* [WHAT YOU WILL DO] The required output is the exact sequence of lines from the line holding "2017 Lexus RX 350" to the end of the records, inclusive.

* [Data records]

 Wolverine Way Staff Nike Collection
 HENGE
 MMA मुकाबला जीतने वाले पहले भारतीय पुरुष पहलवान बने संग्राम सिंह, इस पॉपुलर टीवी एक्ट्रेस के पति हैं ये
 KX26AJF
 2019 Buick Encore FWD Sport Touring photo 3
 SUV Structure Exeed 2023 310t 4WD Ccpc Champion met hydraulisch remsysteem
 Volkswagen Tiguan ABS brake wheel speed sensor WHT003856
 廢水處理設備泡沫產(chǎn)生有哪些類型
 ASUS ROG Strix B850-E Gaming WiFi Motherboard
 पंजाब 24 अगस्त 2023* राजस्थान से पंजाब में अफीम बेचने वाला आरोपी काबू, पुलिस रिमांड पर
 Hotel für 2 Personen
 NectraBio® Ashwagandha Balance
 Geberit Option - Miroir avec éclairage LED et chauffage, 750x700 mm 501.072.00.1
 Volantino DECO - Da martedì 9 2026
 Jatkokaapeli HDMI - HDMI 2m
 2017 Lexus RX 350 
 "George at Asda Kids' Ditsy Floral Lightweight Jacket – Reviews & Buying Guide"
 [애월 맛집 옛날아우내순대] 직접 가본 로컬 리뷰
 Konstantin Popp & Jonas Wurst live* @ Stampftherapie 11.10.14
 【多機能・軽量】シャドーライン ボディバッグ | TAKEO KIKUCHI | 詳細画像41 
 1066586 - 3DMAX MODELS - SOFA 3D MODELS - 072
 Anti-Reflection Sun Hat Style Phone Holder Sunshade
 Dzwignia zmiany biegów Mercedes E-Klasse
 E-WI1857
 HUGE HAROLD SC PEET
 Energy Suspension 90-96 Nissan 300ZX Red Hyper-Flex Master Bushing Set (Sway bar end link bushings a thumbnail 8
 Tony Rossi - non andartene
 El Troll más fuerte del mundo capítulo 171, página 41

* [YOUR RESPONSE]
 2017 Lexus RX 350 
 "George at Asda Kids' Ditsy Floral Lightweight Jacket – Reviews & Buying Guide"
 [애월 맛집 옛날아우내순대] 직접 가본 로컬 리뷰
 Konstantin Popp & Jonas Wurst live* @ Stampftherapie 11.10.14
 【多機能・軽量】シャドーライン ボディバッグ | TAKEO KIKUCHI | 詳細画像41 
 1066586 - 3DMAX MODELS - SOFA 3D MODELS - 072
 Anti-Reflection Sun Hat Style Phone Holder Sunshade
 Dzwignia zmiany biegów Mercedes E-Klasse
 E-WI1857
 HUGE HAROLD SC PEET
 Energy Suspension 90-96 Nissan 300ZX Red Hyper-Flex Master Bushing Set (Sway bar end link bushings a thumbnail 8
 Tony Rossi - non andartene
 El Troll más fuerte del mundo capítulo 171, página 41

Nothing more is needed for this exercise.